Namanya M Djoened Joesof. “ saya bersedia”,sahut Djoened Joesof yang juga
menjabat ketua Gasida. Selanjutnya menyusul kesediaan saudagar lainnya. Alhasil
malam itu terkumpul dana yang cukup besar. Presiden Soekarno puas dengan
menyungginggkan senyum. Ia lalu mengajak hadirin beranjak ke meja makan.
Adegan jamuan makan malam itu
merupakan bagian penting dari episode keikhlasan rakyat Aceh mengumpulkan dana
untuk pembelian pesawat terbang. Penulis Sejarah, Tgk AK Jakobi mencatatkan
peristiwa itu dalam bukunya “Aceh Daerah Modal” (Yayasan Seulawah RI-001, 1992)
Dalam pidatonya di sebuah rapat
akbar di Lapangan Blang Padang Banda Aceh, keeseokan harinya, 17 Juni 1948,
Soekarno menyatakan hal itu.” Kedatangan saya ke Aceh ini khusus untuk bertemu
dengan rakyat Aceh, dan saya mengharapkan partisipasi yang sangat besar dari
rakyat Aceh untuk menyelamatkan Republik Indonesia ini,” begitu katanya memohon
kesediaan Rakyat Aceh untuk terus membantu Indonesia. Di Blang Padang itu pula
ia kemudian berujar tentang kontribusi Aceh sebagai daerah modal terhadap
berdirinya Indonesia. “Daerah Aceh adalah daerah modal bagi Republik Indonesia,
dan melalui perjuangan rakyat Aceh, seluruh wilayah Republik Indonesia dapat
direbut kembali,” ungkap Soekarno bersemangat.
Ketika Soekarno mengakhiri
kunjungannya di Aceh pada 20 juni 1948, dana yang terkumpul untuk pembelian
pesawat itu berjumlah 120.000 dollar Singapura dan 20 kg emas. Dana tersebut
dihimpun dari masyarakat Aceh oleh Panitia Dana Dakota (Dakota Found) di Aceh
yang dipimpin HM Djoened Joesof dan said Muhammad Alhabsyi.

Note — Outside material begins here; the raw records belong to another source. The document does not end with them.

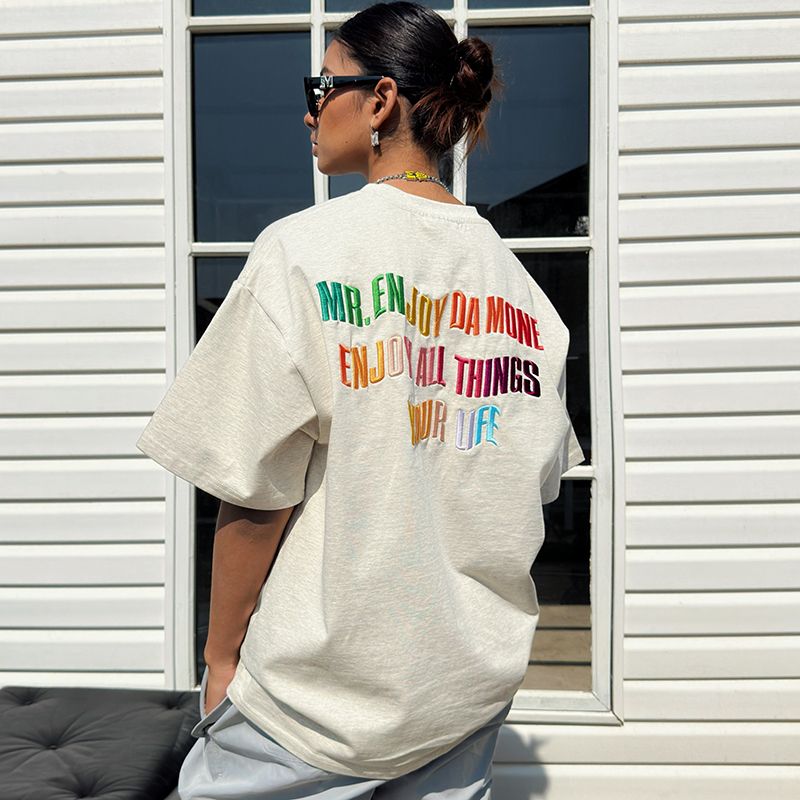 INS大人气 英語 カラー刺繍 ハイストリートスタイル 半袖シャツ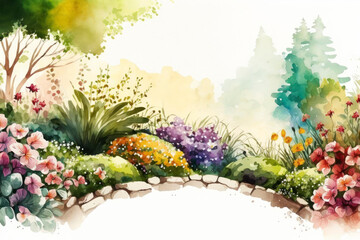 spring garden background illustration, generated ai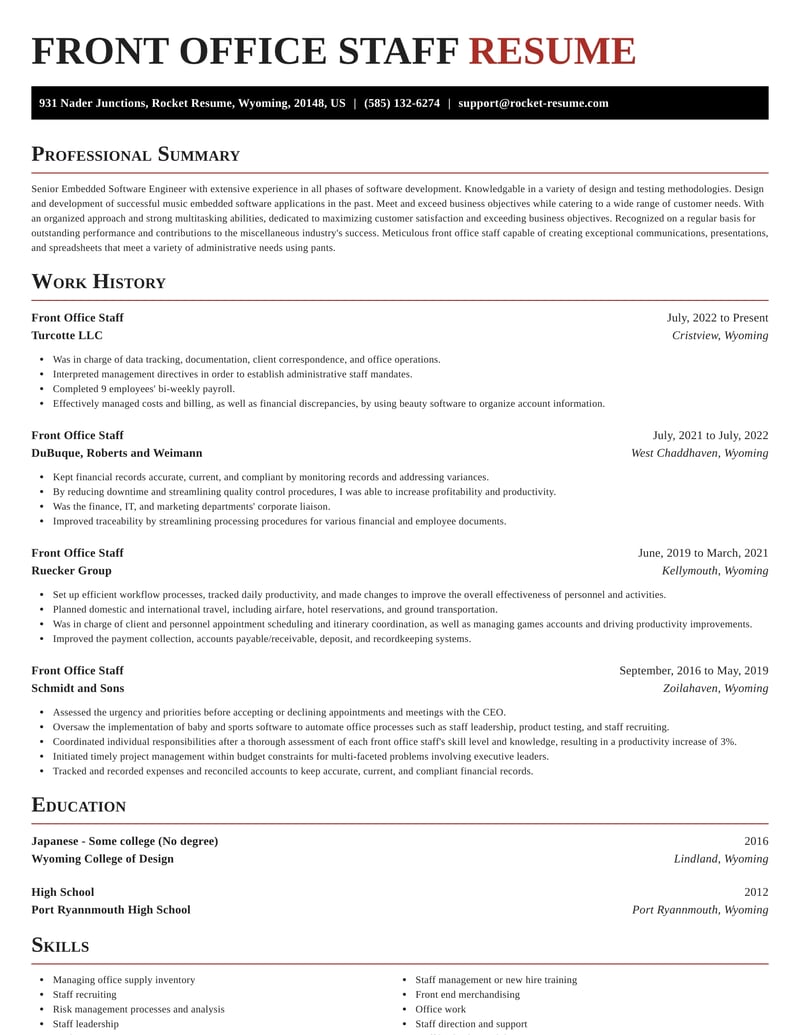 sample resume for office staff with experience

Opsir Udara II Wieko Soepono yang
ditugasi membeli pesawat dari hasil sumbangan rakyat Aceh tersebut. Selang tiga
bulan kemudian, pesawat berhasil didapatkan, jenis Dakota milik seorang
penerbang Amerika Mr JH Maupin di Hongkong. Pesawat dengan kode VR-HEC itu
mendarat di Maguwo Padang dan kemudian diregistrasi RI-001. Adalah Presiden
Soekarno sendiri yang memberi nama “Seulawah” pada pesawat tersebut.
Pada jamuan makan malam dengan
pengusaha Gasida di Hotel Atjeh itu, Presiden Soekarno, Seperti dikutip
H.Muhammad TWH dalam satu artikelnya dari buku “Modal Perjuangan Kemerdekaan”
yang ditulis TA Alsya, menyampaikan pidato antara lain berbunyi, “Harga satu
pesawat Dakota hanya M$ 120.000. Saya belum mau makan sebelum mendapat jawaban
‘ya’ atau ‘tidak’,” kata Soekarno, yang berhasil membakar semangat para
saudagar itu.
Lalu berkat keikhlasan dan
ketulusan rakyat Aceh itulah, terkumpul dana dan emas yang cukup untuk membeli
pesawat Dakota. Pesawat sumbangan Aceh inilah yang kelak menjadi pesawat angkut
pertama Indonesia dan menjadi cikal bakal lahirnya Garuda Indonesia Airways.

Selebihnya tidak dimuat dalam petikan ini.